→ EXERCISE AIM: Your job is to print, exactly, the lines in the data below from the line with "CAT 980M Wheel loaders" through the line with "2025 Toyota Rav4", both included, and to omit any picture.

→ DATA UNDER STUDY:
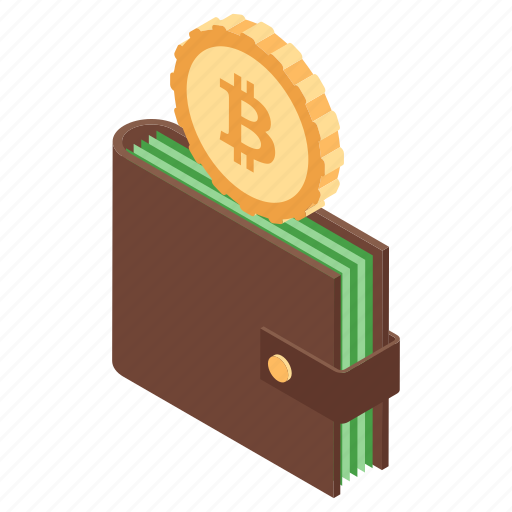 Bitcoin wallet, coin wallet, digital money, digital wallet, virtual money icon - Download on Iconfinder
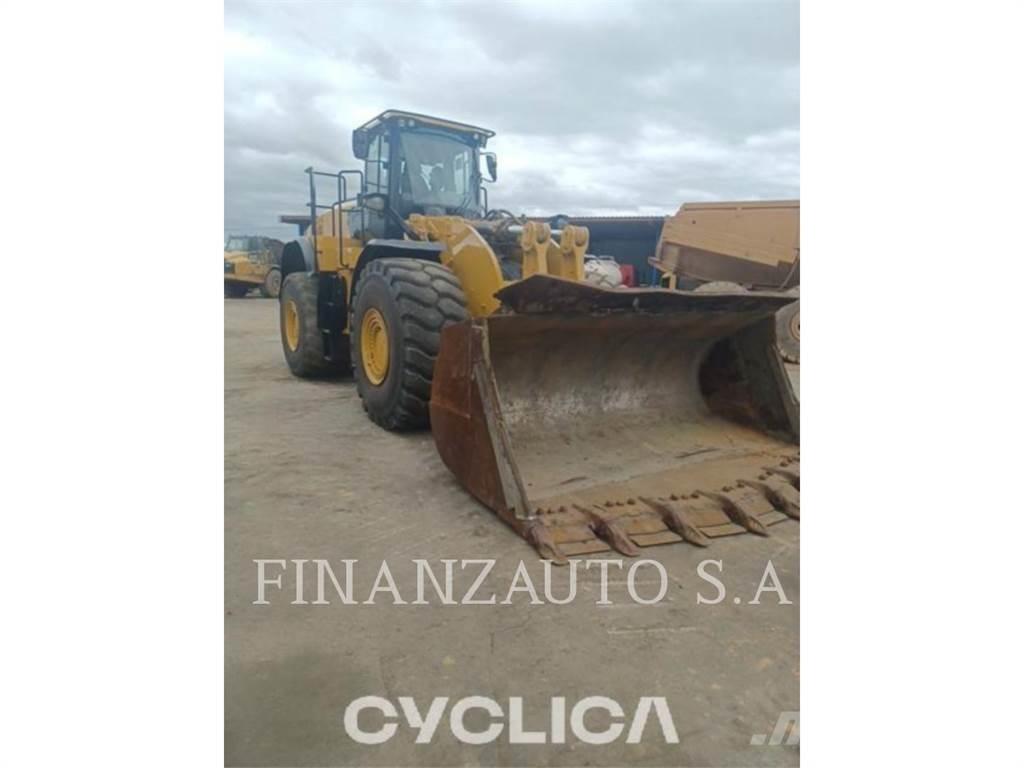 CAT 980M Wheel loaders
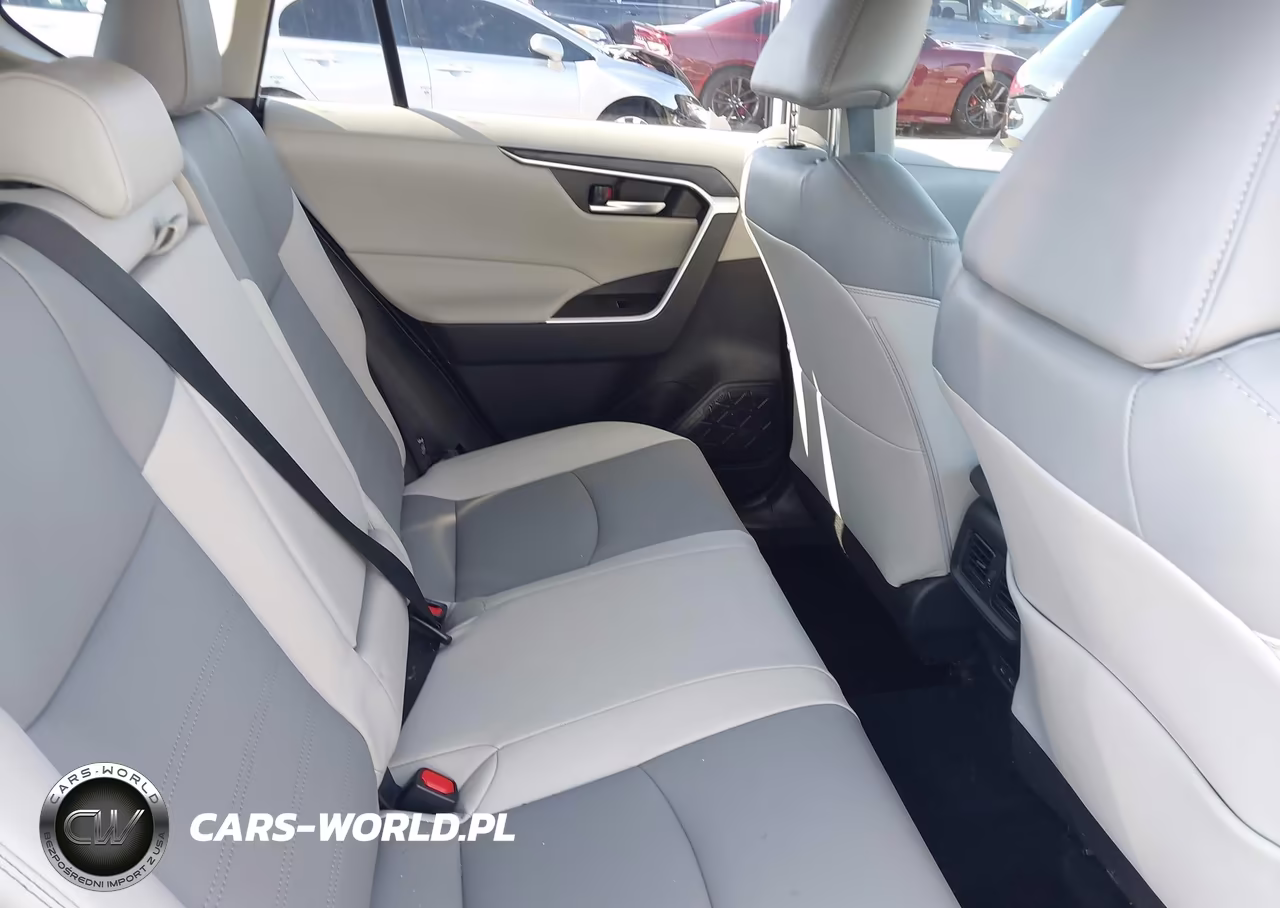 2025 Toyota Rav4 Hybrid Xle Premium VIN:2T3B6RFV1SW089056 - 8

* * *

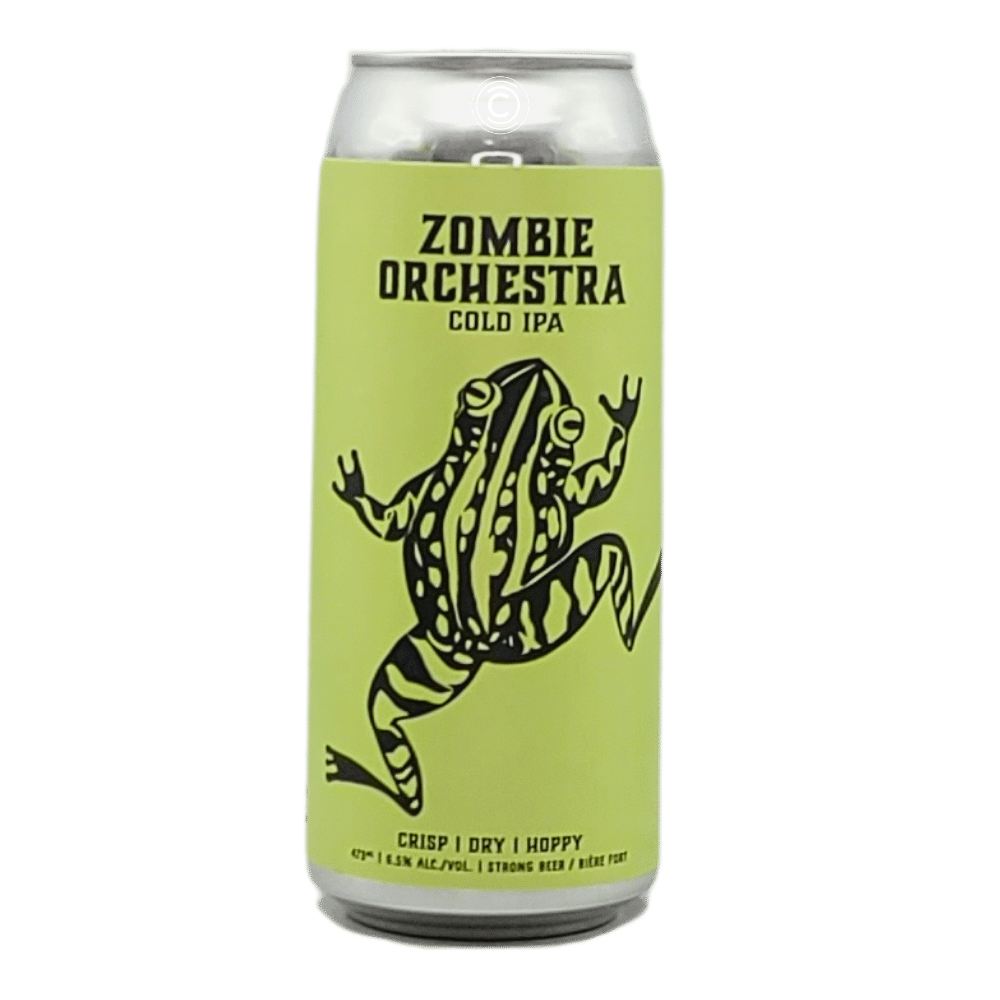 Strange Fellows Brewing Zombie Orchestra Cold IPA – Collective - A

--

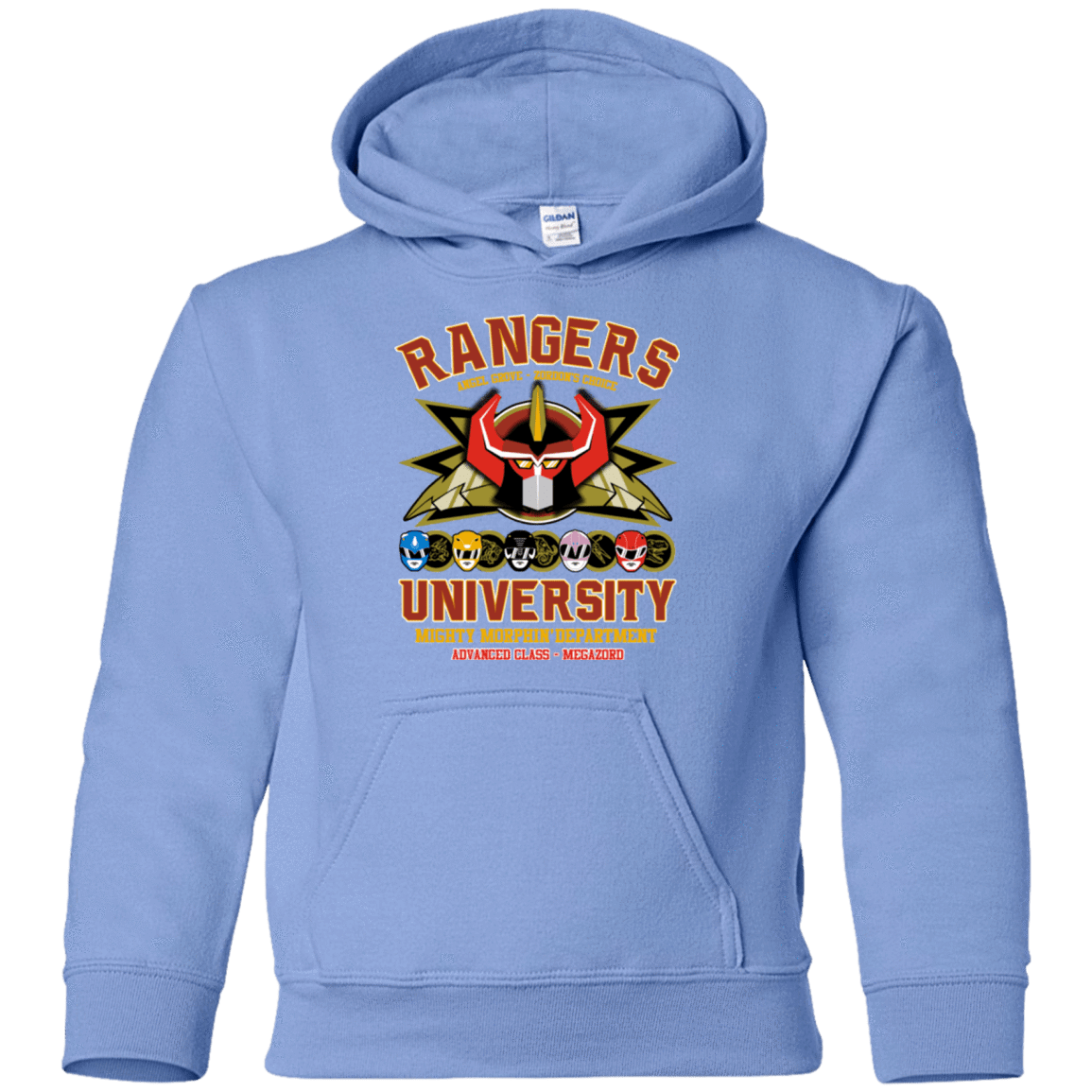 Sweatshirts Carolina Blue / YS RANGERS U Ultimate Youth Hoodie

→ SOLUTION FOR THIS EXERCISE:
 CAT 980M Wheel loaders
 2025 Toyota Rav4 Hybrid Xle Premium VIN:2T3B6RFV1SW089056 - 8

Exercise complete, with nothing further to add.